=== Work order ===
Return the data exactly, apart from leaving out the pictures.

=== Captioned web image data ===
===============
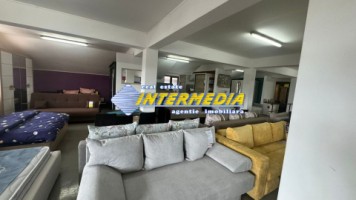 spatiu-comercial-apartament-in-alba-iulia-zona-cetate-kaufland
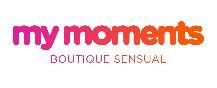 MY MOMENTS BOUTIQUE SENSUAL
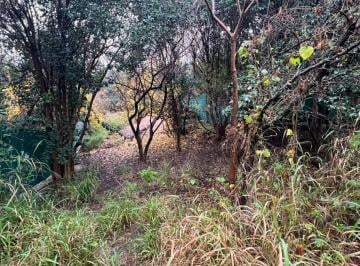 Terreno · 1647m² · Se Vende Amplio Lote en La Granja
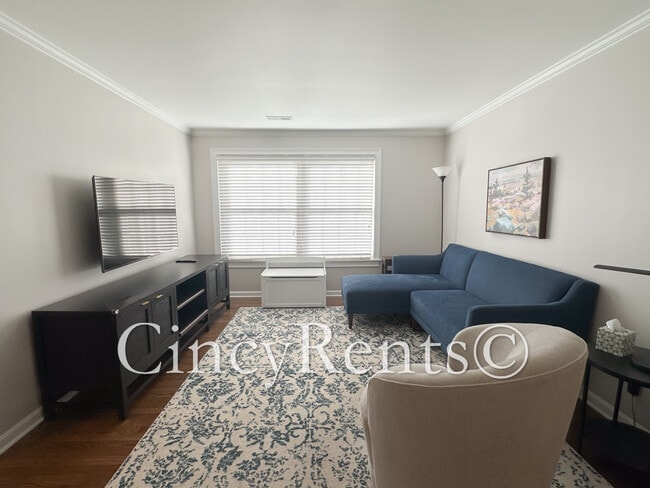 Photo - 3684 Ashworth Dr Unidad D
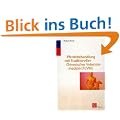 Pferdebehandlung mit Traditioneller Chinesischer Medizin (TCVM): Der Pferdeklassiker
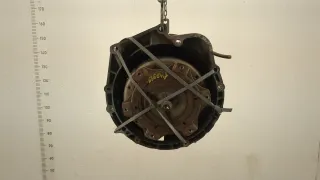 24007630952,7630952,24007630953,7630953 Коробка передач автоматическая (АКПП) BMW 1 E81/E82/E87/E88 Арт 20418167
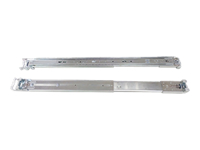 QNAP RailKit for 2HE Rack TVS-471U/TVS-871U/TVS-1271U/TS-1253U/TS-853U/TS-1270U/TS-1269U/TS-870U/TS-869UTVS-471U + 2HE NAS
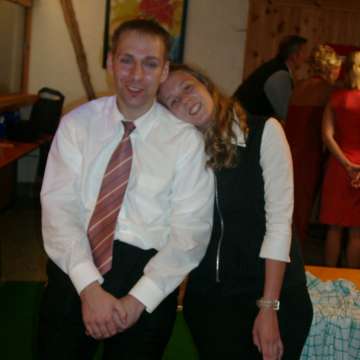 Bild_93
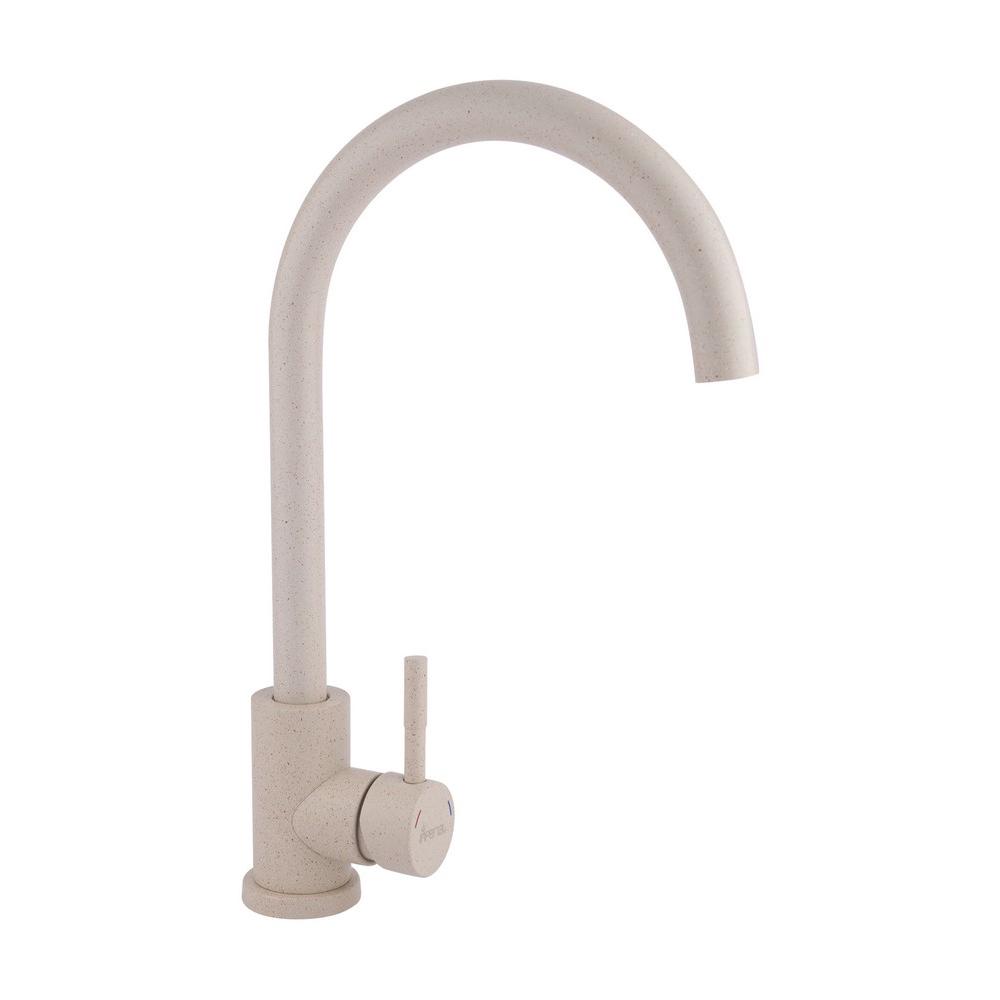 Смеситель для кухни Imperial (31-107BEI-01)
===============
=== Reply ===
 spatiu-comercial-apartament-in-alba-iulia-zona-cetate-kaufland
 MY MOMENTS BOUTIQUE SENSUAL
 Terreno · 1647m² · Se Vende Amplio Lote en La Granja
 Photo - 3684 Ashworth Dr Unidad D
 Pferdebehandlung mit Traditioneller Chinesischer Medizin (TCVM): Der Pferdeklassiker
 24007630952,7630952,24007630953,7630953 Коробка передач автоматическая (АКПП) BMW 1 E81/E82/E87/E88 Арт 20418167
 QNAP RailKit for 2HE Rack TVS-471U/TVS-871U/TVS-1271U/TS-1253U/TS-853U/TS-1270U/TS-1269U/TS-870U/TS-869UTVS-471U + 2HE NAS
 Bild_93
 Смеситель для кухни Imperial (31-107BEI-01)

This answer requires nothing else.